Issue 5 / 13 February 2012

THE Personally Controlled Electronic Health Record (PCEHR) system to be introduced in Australia from 1 July is consumer-centric in its design.

Not only is it an opt-in model and a completely voluntary scheme, but consumers will be able to access all their health information stored on the PCEHR and, by setting advanced access controls, can exclude parts of their medical history from being accessed by treating practitioners.

Much has been said that unless we adopt an opt-out model, take up rates will be poor and the vision of better health outcomes for Australians will remain illusory.

Ideally, a consumer’s PCEHR will enhance their medical treatment by providing a consolidated summary of his or her health information. It does not — and never will — replace the doctor’s clinical records.

As long as the consumer does not place restrictions on access, the PCEHR will provide the treating practitioner with access to specialist letters, referrals, shared health summary (SHS), prescribing information and discharge summaries at the touch of a button. Further down the implementation track, pathology results and other reports may be included.

The PCEHR will create opportunities for improvements in the continuity of consumer care and, by consolidating information about a consumer’s medications, has the potential to reduce certain adverse events such as the prescription of an antibiotic to a patient with a known allergy.

However, despite Avant’s recommendations, health practitioners reviewing a patient’s PCEHR will not be advised if access to certain health information in a PCEHR has been restricted by the consumer by setting advanced access controls.

While recognising the consumer’s right to privacy, Avant believes it is both desirable and necessary that the system should, at the very least, alert the practitioner to the fact that access has been restricted.
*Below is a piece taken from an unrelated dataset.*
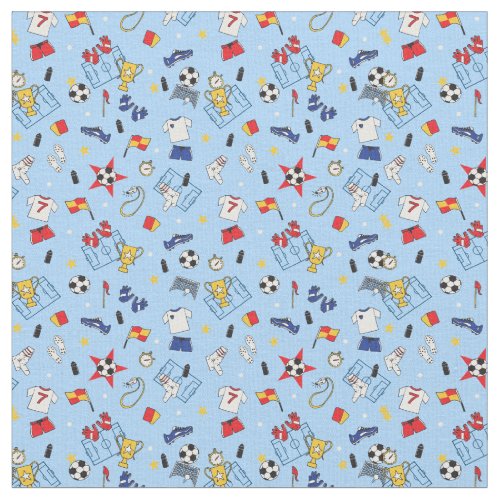 Red White and Blue Football Soccer Kit Pattern Fabric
The knowledge that certain information has been restricted would enable targeted discussions and warnings to be given by the treating practitioner regarding proposed treatment.

Accordingly, treating practitioners will need to proceed with treatment decisions on the premise that patients may have restricted their access to certain health information.
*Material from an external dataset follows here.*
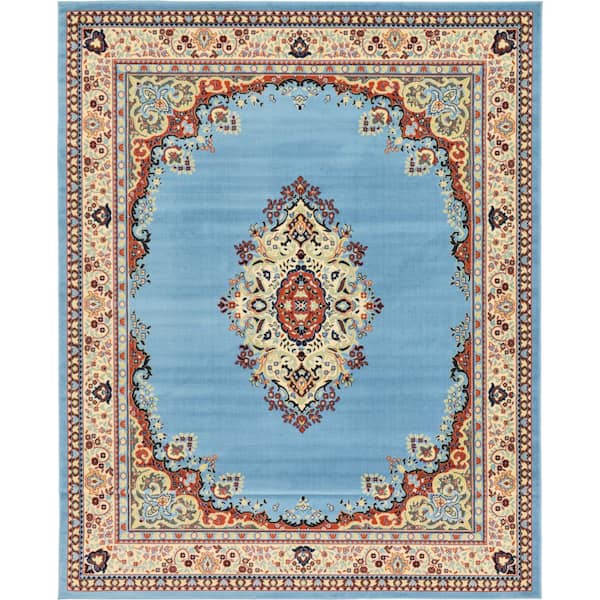 Unique Loom Reza Washington Light Blue 8' 0 x 10' 0 Area Rug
Health practitioners may also need to consider whether they choose to act in the critical role of an individual’s “nominated provider”, anticipated in the majority of cases to be a GP.

A key aspect of the role of the nominated provider is to create and manage an individual’s SHS. The scope of the nominated provider’s potential legal liability may be increased in a situation where inaccurate or outdated information is unwittingly uploaded and is relied upon by other health providers accessing the SHS. This may be a disincentive to a GP to accept the role of nominated provider.

Avant has recommended that draft PCEHR legislation be amended to include a limited immunity from civil liability for a nominated provider in regard to their role in maintaining a patient’s SHS, provided they have acted in good faith and without gross negligence.

There are also important privacy and security issues for all health practitioners accessing the PCEHR system. Although the data contained within the PCEHR system will be housed in a central repository, medical practices must still comply with national privacy laws.

The draft legislation contains civil penalties for intentional or reckless unauthorised collection, use and disclosure of health information contained in an individual’s PCEHR. For example, failing to change passwords on a regular basis, or neglecting to install antivirus and anti-malware software so your practice computers are vulnerable to unauthorised entry could have serious consequences.

The RACGP has produced guidelines on computer security that may be helpful for a practice in reviewing their current data security measures.

Ultimately, the success of the PCEHR system will rest on the willingness of both consumers and health practitioners to “opt in”, and on consumers making their health information fully available.

Mr Andrew Took is Avant’s national manager, Medico-Legal Advisory Service.

Posted 13 February 2012

One thought on “Andrew Took: Access essential for e-health cards

  1. Anon says:

    Only a question? Who would roll out an e health system without closely engaging gps and making sure they are on board, not just their organisations but gps themselves. I understand in uk they have cancelled their ehealth initiative after only 10 billion pounds , if I am not wrong. We should be very careful it is working properly and all health professiins, and involved software organisations should be on board – before roll out. It will be not good for all if it is rolled out badly. Allowing patients to delete items unknowingly to succeeding practitioners including treating GP is asking for trouble, and negative consequences for patients health. This must be corrected before rollout. I am not inclined to use, have anything to do with it in its current format, even with financial inducemenrs. Its about patient care not dollars.